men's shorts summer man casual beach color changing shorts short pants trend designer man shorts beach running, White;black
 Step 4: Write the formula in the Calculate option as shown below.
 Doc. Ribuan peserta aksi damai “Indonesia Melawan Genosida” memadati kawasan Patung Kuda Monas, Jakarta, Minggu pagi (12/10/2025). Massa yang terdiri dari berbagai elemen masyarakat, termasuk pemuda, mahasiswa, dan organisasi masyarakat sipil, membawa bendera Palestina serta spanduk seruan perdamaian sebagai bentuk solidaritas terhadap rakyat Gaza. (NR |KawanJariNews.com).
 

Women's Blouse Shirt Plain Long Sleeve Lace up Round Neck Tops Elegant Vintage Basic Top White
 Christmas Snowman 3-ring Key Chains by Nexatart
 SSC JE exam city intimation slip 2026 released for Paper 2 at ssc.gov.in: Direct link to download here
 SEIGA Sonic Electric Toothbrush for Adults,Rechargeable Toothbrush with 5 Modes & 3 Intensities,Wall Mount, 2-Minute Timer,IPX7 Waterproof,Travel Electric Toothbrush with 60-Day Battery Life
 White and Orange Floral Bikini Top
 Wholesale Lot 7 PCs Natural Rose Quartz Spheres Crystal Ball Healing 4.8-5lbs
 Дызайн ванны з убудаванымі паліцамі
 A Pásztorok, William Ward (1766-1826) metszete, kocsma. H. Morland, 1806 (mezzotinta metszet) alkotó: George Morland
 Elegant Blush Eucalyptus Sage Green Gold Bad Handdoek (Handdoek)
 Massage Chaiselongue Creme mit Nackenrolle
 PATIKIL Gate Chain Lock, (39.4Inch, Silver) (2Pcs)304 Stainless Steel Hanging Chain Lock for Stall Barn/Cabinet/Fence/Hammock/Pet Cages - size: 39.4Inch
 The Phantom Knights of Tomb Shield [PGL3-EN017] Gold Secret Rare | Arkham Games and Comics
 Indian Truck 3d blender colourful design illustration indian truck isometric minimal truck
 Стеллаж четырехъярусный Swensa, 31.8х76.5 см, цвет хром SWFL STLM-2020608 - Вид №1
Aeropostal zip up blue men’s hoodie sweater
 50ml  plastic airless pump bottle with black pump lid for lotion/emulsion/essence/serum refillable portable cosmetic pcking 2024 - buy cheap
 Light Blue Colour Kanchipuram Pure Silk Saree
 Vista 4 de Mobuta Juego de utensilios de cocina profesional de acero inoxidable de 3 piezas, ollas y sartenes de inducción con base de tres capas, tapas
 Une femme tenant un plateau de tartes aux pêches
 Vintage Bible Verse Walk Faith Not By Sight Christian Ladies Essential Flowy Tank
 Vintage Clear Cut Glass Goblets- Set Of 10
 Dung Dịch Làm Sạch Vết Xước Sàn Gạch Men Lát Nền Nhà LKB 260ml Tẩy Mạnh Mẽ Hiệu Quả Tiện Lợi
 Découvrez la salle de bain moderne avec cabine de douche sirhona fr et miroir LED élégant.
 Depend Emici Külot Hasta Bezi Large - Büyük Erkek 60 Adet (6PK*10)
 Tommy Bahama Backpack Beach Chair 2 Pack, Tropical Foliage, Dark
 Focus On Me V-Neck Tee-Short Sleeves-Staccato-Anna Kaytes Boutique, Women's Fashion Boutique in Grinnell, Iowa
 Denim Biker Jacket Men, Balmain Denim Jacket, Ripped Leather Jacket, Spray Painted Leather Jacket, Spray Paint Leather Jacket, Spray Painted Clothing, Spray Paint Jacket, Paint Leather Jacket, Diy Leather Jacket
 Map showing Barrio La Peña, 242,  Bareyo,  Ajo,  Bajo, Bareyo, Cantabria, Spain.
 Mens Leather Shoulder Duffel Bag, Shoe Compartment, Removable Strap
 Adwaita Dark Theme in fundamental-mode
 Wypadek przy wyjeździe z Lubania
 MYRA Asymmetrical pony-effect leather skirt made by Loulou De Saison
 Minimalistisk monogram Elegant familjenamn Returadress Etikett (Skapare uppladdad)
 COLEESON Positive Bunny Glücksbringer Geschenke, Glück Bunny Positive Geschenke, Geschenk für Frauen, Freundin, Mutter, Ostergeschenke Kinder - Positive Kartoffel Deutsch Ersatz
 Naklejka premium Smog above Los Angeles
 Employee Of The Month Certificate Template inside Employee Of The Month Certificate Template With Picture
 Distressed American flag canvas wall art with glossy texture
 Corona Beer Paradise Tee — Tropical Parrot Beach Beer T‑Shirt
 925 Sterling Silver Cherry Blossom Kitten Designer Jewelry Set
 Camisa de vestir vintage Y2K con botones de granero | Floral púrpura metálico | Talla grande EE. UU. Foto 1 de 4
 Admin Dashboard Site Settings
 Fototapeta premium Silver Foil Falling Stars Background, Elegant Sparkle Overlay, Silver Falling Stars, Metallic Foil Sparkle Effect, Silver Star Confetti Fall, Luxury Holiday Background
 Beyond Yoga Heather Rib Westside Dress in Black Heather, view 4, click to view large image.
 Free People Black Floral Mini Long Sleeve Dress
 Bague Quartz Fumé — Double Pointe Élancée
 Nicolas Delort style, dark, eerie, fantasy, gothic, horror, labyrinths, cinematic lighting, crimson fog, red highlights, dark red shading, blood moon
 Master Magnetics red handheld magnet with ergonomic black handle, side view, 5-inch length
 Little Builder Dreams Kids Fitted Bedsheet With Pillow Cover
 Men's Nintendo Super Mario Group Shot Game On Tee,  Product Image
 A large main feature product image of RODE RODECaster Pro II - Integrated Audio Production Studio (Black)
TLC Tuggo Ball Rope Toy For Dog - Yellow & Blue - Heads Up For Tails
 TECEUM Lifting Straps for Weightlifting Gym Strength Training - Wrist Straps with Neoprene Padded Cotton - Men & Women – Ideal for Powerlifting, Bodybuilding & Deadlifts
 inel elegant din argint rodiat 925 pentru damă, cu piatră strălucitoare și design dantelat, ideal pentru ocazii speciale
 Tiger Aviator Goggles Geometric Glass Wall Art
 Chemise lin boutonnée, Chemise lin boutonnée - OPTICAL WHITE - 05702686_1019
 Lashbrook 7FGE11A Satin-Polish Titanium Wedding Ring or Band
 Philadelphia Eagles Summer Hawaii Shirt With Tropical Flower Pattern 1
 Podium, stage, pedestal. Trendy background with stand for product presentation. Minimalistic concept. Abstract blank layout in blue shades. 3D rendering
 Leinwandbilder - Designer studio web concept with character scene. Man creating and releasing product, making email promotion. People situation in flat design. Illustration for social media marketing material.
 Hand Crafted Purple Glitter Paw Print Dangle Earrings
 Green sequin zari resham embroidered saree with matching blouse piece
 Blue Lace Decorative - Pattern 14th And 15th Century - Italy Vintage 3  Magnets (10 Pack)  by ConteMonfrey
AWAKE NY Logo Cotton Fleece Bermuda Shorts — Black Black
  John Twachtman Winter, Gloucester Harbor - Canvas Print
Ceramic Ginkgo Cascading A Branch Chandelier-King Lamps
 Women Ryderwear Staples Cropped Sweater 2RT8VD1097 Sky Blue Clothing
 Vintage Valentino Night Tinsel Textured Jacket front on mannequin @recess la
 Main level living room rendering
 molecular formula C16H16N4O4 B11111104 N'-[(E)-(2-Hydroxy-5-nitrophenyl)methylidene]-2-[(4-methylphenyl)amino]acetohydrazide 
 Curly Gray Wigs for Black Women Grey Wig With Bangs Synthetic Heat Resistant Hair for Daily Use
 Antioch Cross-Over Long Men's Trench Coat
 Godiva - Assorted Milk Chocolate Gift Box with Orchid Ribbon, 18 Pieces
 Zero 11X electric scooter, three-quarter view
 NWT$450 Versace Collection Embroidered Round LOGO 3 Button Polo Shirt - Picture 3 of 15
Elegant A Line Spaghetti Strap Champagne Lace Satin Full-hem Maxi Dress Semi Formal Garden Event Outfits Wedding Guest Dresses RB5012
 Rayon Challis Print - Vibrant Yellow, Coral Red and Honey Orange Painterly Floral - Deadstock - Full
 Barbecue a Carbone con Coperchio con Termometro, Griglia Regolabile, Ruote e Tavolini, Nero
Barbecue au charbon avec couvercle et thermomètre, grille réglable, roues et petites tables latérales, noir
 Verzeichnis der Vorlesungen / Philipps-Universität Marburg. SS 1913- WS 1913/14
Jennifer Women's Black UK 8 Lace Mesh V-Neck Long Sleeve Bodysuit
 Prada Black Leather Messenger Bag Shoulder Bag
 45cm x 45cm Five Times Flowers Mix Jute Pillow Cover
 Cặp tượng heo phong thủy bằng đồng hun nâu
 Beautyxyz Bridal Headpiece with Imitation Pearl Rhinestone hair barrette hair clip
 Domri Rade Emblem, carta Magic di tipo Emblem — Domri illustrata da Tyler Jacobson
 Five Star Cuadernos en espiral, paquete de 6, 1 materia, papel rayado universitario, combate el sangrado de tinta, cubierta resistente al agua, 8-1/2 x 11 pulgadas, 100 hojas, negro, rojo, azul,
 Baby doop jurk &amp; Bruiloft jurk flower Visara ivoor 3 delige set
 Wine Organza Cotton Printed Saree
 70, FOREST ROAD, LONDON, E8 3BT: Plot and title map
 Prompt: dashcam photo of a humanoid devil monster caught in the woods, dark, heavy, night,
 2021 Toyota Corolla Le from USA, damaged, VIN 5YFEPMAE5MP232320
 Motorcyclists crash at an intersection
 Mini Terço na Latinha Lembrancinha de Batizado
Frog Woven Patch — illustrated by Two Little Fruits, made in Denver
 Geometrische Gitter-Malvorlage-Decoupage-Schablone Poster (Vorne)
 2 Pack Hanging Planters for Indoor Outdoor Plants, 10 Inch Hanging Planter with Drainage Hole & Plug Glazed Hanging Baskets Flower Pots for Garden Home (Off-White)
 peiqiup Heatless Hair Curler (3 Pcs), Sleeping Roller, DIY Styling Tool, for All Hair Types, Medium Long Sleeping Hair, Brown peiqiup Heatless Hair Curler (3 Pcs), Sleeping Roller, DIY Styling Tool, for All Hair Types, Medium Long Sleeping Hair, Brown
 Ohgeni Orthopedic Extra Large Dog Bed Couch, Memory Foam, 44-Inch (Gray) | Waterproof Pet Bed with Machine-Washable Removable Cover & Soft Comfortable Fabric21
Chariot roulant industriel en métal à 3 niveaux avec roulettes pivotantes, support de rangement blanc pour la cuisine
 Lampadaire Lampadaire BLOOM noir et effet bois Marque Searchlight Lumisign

:: Try it ::
In the answer, the lines from the first line of the data above through the line containing "A Pásztorok, William" must appear exactly as written, with nothing else.

:: Completed task ::
men's shorts summer man casual beach color changing shorts short pants trend designer man shorts beach running, White;black
 Step 4: Write the formula in the Calculate option as shown below.
 Doc. Ribuan peserta aksi damai “Indonesia Melawan Genosida” memadati kawasan Patung Kuda Monas, Jakarta, Minggu pagi (12/10/2025). Massa yang terdiri dari berbagai elemen masyarakat, termasuk pemuda, mahasiswa, dan organisasi masyarakat sipil, membawa bendera Palestina serta spanduk seruan perdamaian sebagai bentuk solidaritas terhadap rakyat Gaza. (NR |KawanJariNews.com).
 

Women's Blouse Shirt Plain Long Sleeve Lace up Round Neck Tops Elegant Vintage Basic Top White
 Christmas Snowman 3-ring Key Chains by Nexatart
 SSC JE exam city intimation slip 2026 released for Paper 2 at ssc.gov.in: Direct link to download here
 SEIGA Sonic Electric Toothbrush for Adults,Rechargeable Toothbrush with 5 Modes & 3 Intensities,Wall Mount, 2-Minute Timer,IPX7 Waterproof,Travel Electric Toothbrush with 60-Day Battery Life
 White and Orange Floral Bikini Top
 Wholesale Lot 7 PCs Natural Rose Quartz Spheres Crystal Ball Healing 4.8-5lbs
 Дызайн ванны з убудаванымі паліцамі
 A Pásztorok, William Ward (1766-1826) metszete, kocsma. H. Morland, 1806 (mezzotinta metszet) alkotó: George Morland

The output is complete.